Q.     What are the disadvantages of Reaffirmation Agreements?
A.    The following are the disadvantages of reaffirmation agreements:

1.    Instant Liability – A reaffirmation agreement binds you in contract. If you missed payments in the future, it could mess up your new credit, cause you to lose the property, and make you responsible for the balance of the loan.

2.    Approval of Lawyer is Needed – Your lawyer must review and examine all the circumstances and only sign the reaffirmation agreement if he believes it will not inflict an undue hardship on you and your family.  Your lawyer must determine and decide if you are in a good financial position to repay the debt.

3.    Approval of the Court is Needed – Reaffirmation Agreement is not accepted until the U.S. Bankruptcy Court approves the terms. Usually, bankruptcy courts are not delighted to let you carry on personal liability when you have already shown that your expenses go beyond your post-bankruptcy income.

Q,    What are the basic considerations when signing reaffirmation agreement?
A.     The following are some tips when signing a reaffirmation agreement:

1.    Try to reduce the principal and interest, or stretch out the payment length.  This is restructuring the payment terms to be more favorable.
2.    You have 60 days to change your mind.
3.    In California, most secured creditors are willing to let you keep making payments without signing a reaffirmation agreement. Chapter 7 Bankruptcy lawyers often refer to this as the KEEP and PAY OPTION or RIDE THROUGH.

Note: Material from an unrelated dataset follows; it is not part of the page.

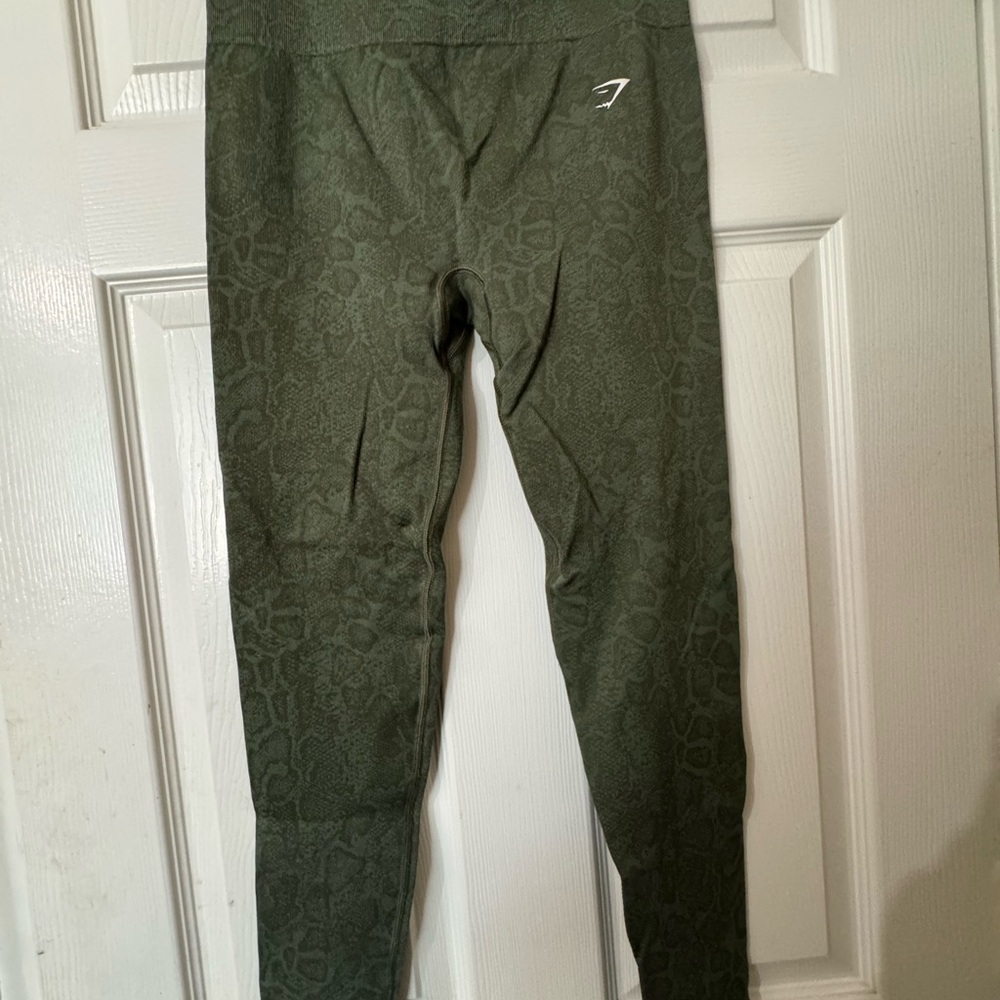 GYMSHARK ADAPT SAFARI SEAMLESS LEGGINGS- SIZE LARGE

Bankruptcy Information you should know:

1.    Unlike other law firm, we provide our client with the information and advice that will help them understand the bankruptcy process at every stages of the case, thereby reducing the anxiety during the process.  Our clients choose us because we response to their concerns proactively and professionally.
2.    The myth that Bankruptcy will ruin your credit for ten years is not true.  After one year in Bankruptcy your credit score will improve and you can borrow again.  Bankruptcy will actually improve your credit within one year because your unsecured debts are discharged.  Although the bankruptcy will be in your records for 10 years, not filing bankruptcy will make your credit even worse until most your debts are paid.
3.    Debt settlement or debt consolidation are expensive and not a guaranteed way to reduce your debt because some creditors will sue you.  It will take three years to complete and your credit will become worst during that period.  In bankruptcy the debts are discharged within three months.
4.    If you are being sued by your creditors, most money judgment can be eliminated in bankruptcy.
5.    Collection actions continue and you can be sued if you are in debt settlement.
6.    Chapter 7 will eliminate all unsecured debts.  If you are near retirement age, you must eliminate most of your debts.
7.    Bankruptcy will stop foreclosure actions.  If your trustee sale date is 10 days before, you can still file for bankruptcy.
8.    If your salary is being garnished, you have a court case about debts or you are being harassed by creditors, bankruptcy can stop garnishment, court cases, harassing creditors and eliminate the debt.
9.    Bankruptcy is cheaper, faster and safer than debt settlement which has no guaranteed success.
10.    Preserve your health, eliminate stress and live a happy life by eliminating your debts which is the root of all problems.

Note:    This is not a legal advice and you should consult with a bankruptcy  attorney about your case.